Estamos chegando a três anos de ocorrência do fenômeno La Niña, que causa o resfriamento das águas do Pacífico Sul. À medida que a temperatura do oceano foi caindo, isso alterou o comportamento da chuva em vários lugares do Brasil. Temos visto isso sempre, desde 2021.

O La Niña é um fenômeno natural, não tem nada a ver com as mudanças climáticas?

Sim, é um fenômeno ainda de causas conhecidas, assim como o El Niño, que, ao contrário, aquece as águas do Pacífico Sul. Nos últimos três anos, tivemos a configuração desse resfriamento, ou seja, de La Niña. Isso potencializou as chuvas em praticamente todas as regiões do Brasil – Norte, Nordeste, Sudeste e Centro-Oeste –, à exceção do Sul, que está presenciando uma escassez de chuvas.

Ou seja, o La Niña altera o comportamento da atmosfera e a distribuição das chuvas no Brasil, potencializando a entrada das frentes frias que, ao se chocarem com as massas de ar quente e úmidas que vêm da Amazônia nesta época do ano, fazem com que ocorram esses grandes volumes de precipitação, em uma alta pluviometria. Assim, temos em alguns locais chuvas extremas, com muita água em pouco tempo.

O que tivemos no litoral norte de São Paulo, além do quadro que acabei de relatar – o encontro do calor úmido vindo da Amazônia com o avanço dessa frente fria –, foi uma temperatura do Oceano Atlântico naquela região um pouco mais aquecida.

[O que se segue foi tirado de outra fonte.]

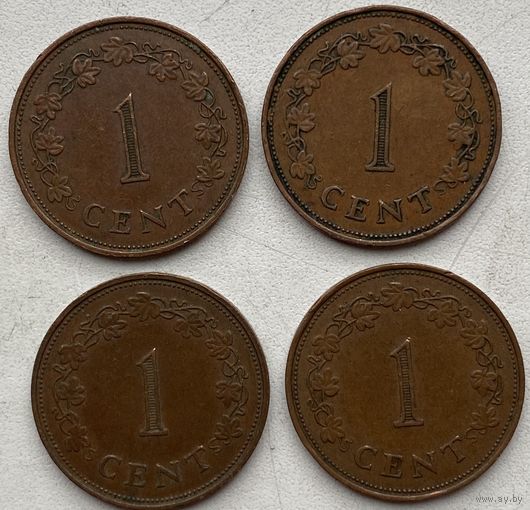 Мальта 1 цент 1972 г. Цена за 1 шт.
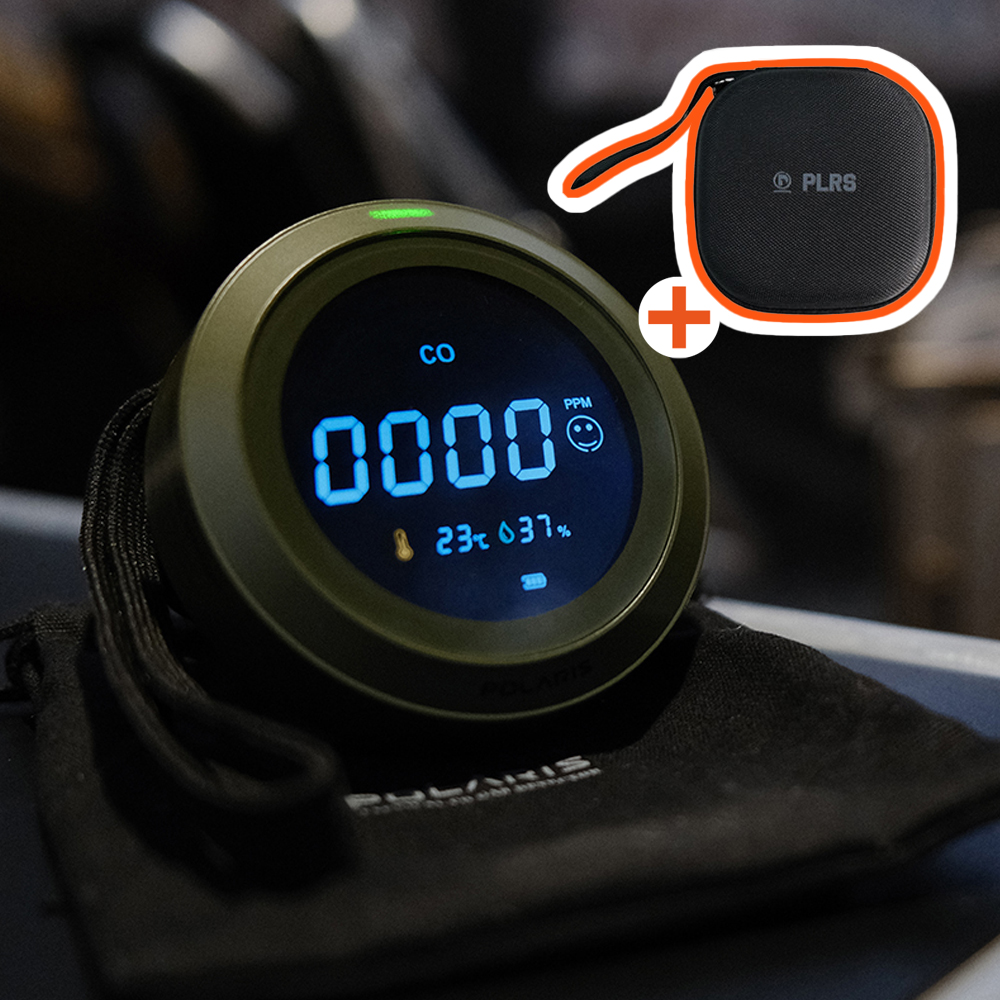 폴라리스 캠핑 일산화탄소 경보기 CO 가스 감지기 가정용 측정기 디지털 온도 습도 택티컬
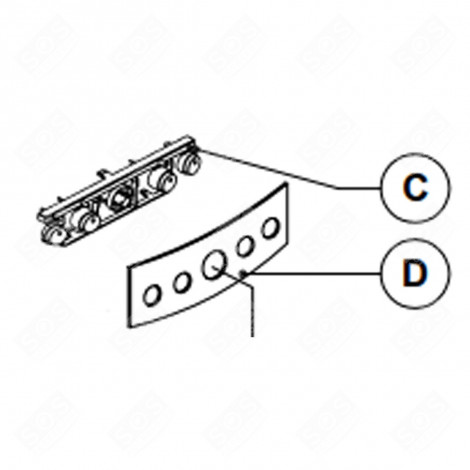 TASTEN, BEZUGSPUNKT C KAFFEEMASCHINE, ESPRESSOMASCHINE - 503836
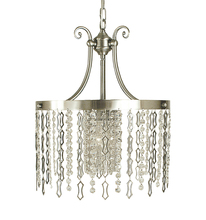  2954 BN - 1-Light Brushed Nickel Penelope Dining Chandelier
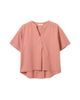 Celtic & Co. Celtic & Co. Short Sleeve V-Neck Dipped Hem Blouse - 2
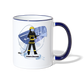 Durstlöscher - Tasse zweifarbig - Weiß/Kobaltblau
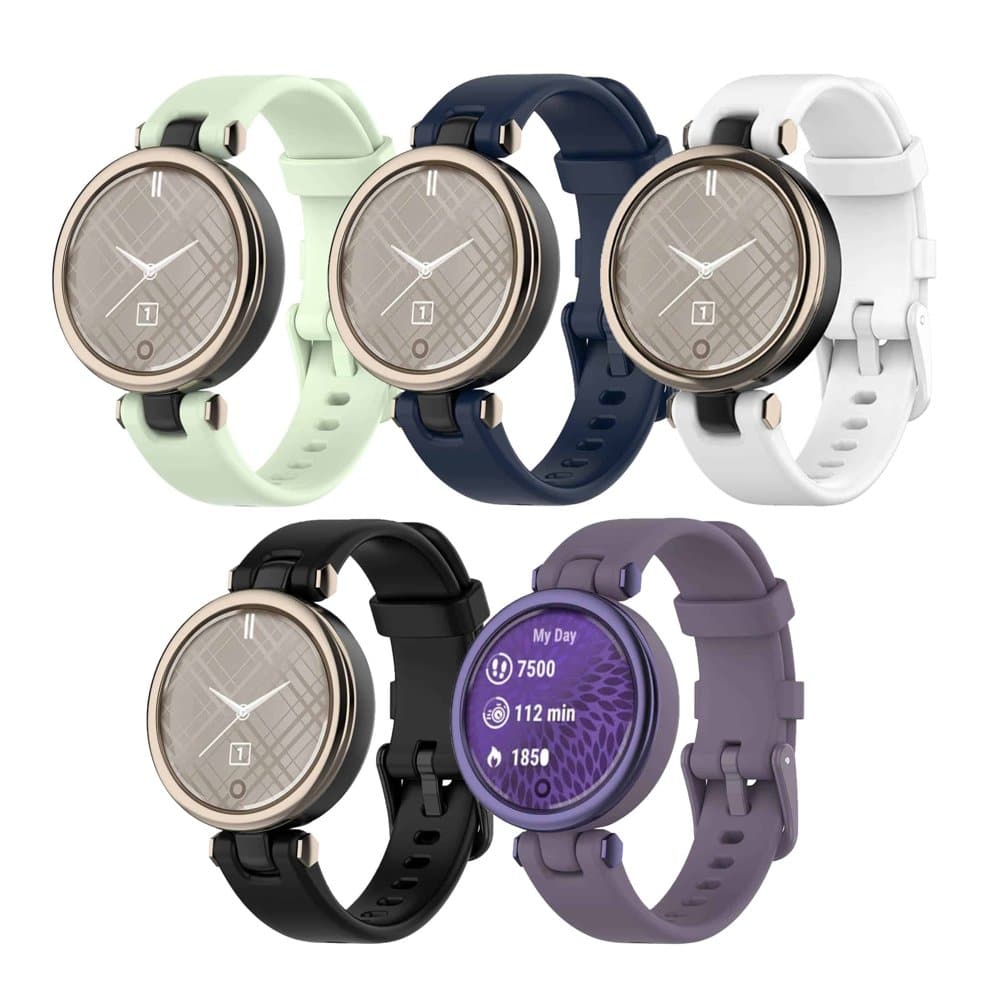 Garmin Lily Watch replacement silicone strap - Army Green
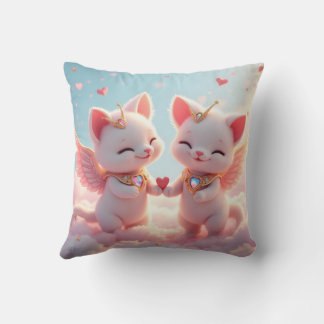 Cute Love Cats Cushion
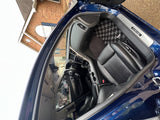 Infiniti Q50 13+ Sedan Checkered Race Floor Mats - Dark Grey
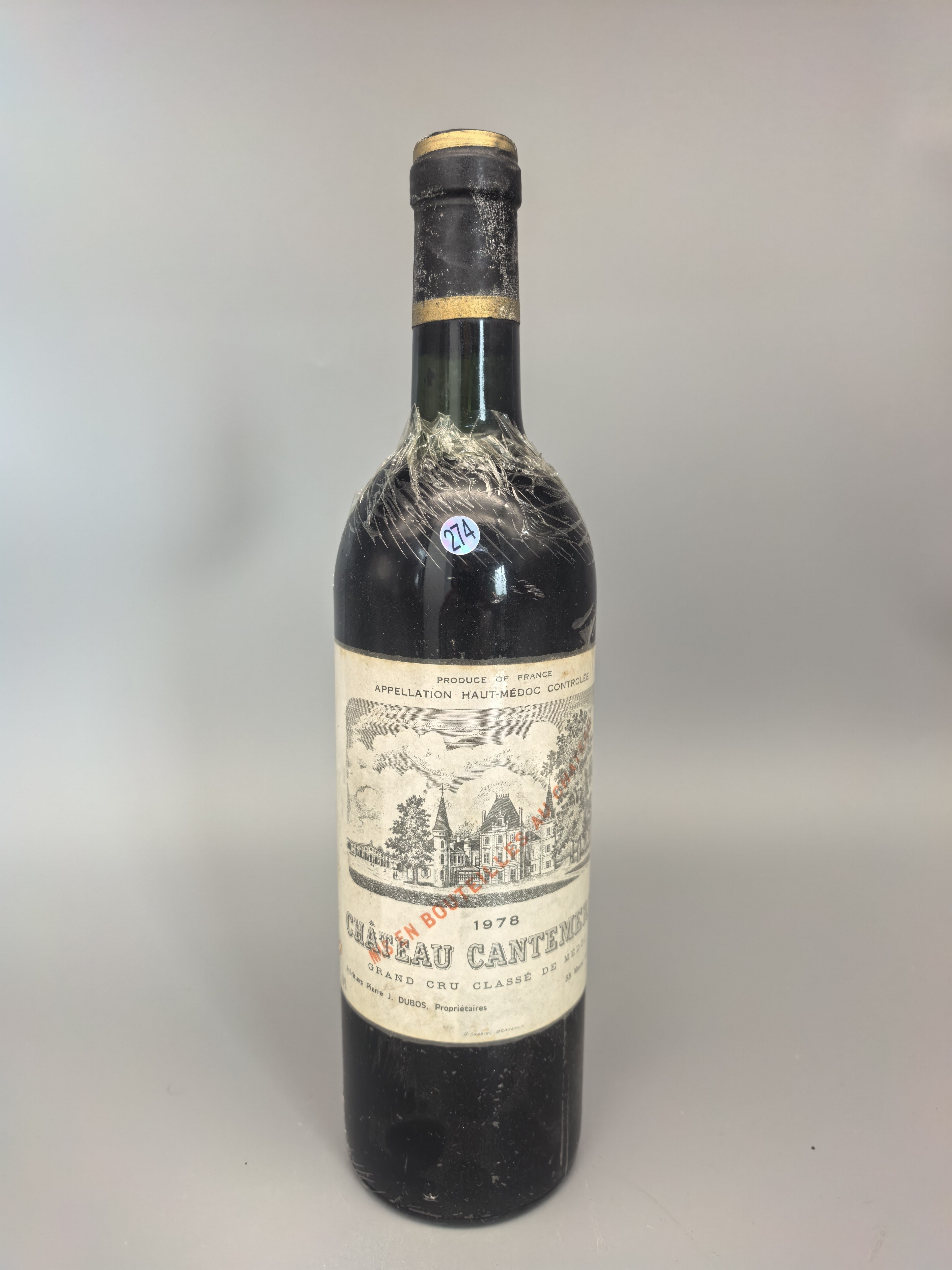 法国五级名庄佳德美1978年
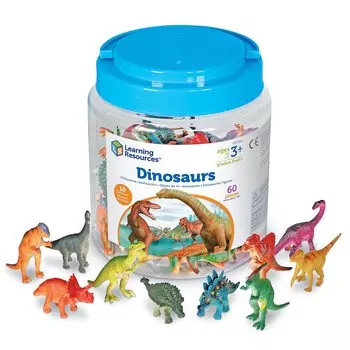 Learning Resources Dinosaur Figure Dinosaur Counter 60 Pieces LER0811 Genuine Product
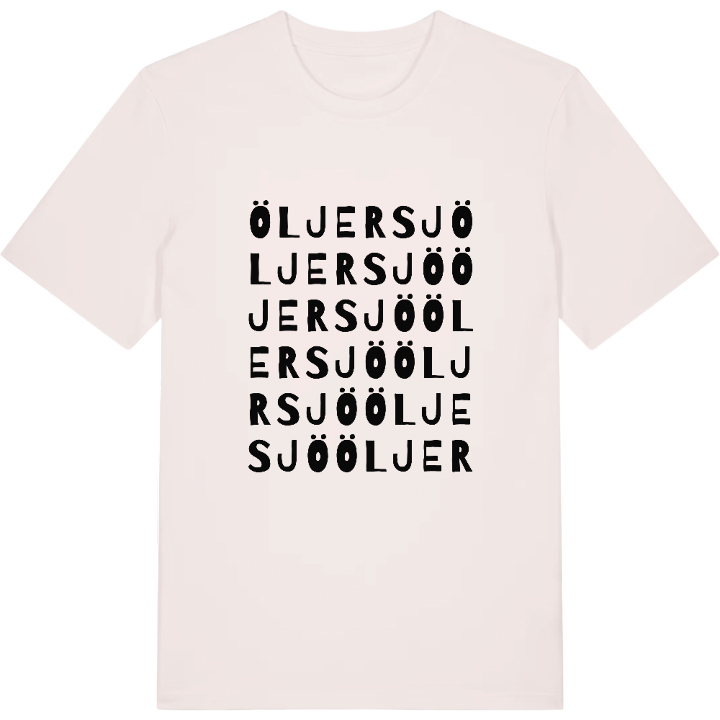 Öljersjö ordlek t-shirt – t-shirt från PinShirt
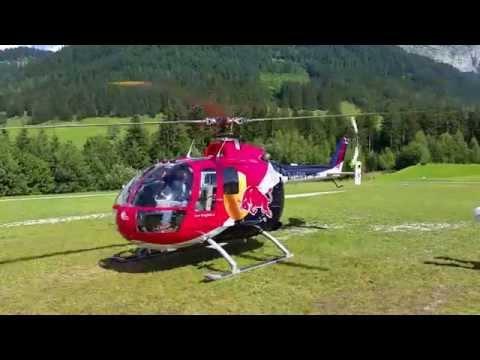 Start einer BO 105 der Flying Bulls  D-HSDM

Esse cenário todo é a fórmula para que tenhamos chuvas intensas e de forma prolongada na mesma região. Essa temperatura um pouco mais alta favoreceu a evaporação com um ar mais úmido e quente para a atmosfera. Foi o que vimos ocorrendo ali neste feriado de carnaval.

No litoral de SP, houve uma chuva de meses caindo em poucas horas

Infelizmente, a expressão “tempestade perfeita”, usada para outros contextos, em que vários fatores se combinam, pode ser colocada aqui de forma literal, então…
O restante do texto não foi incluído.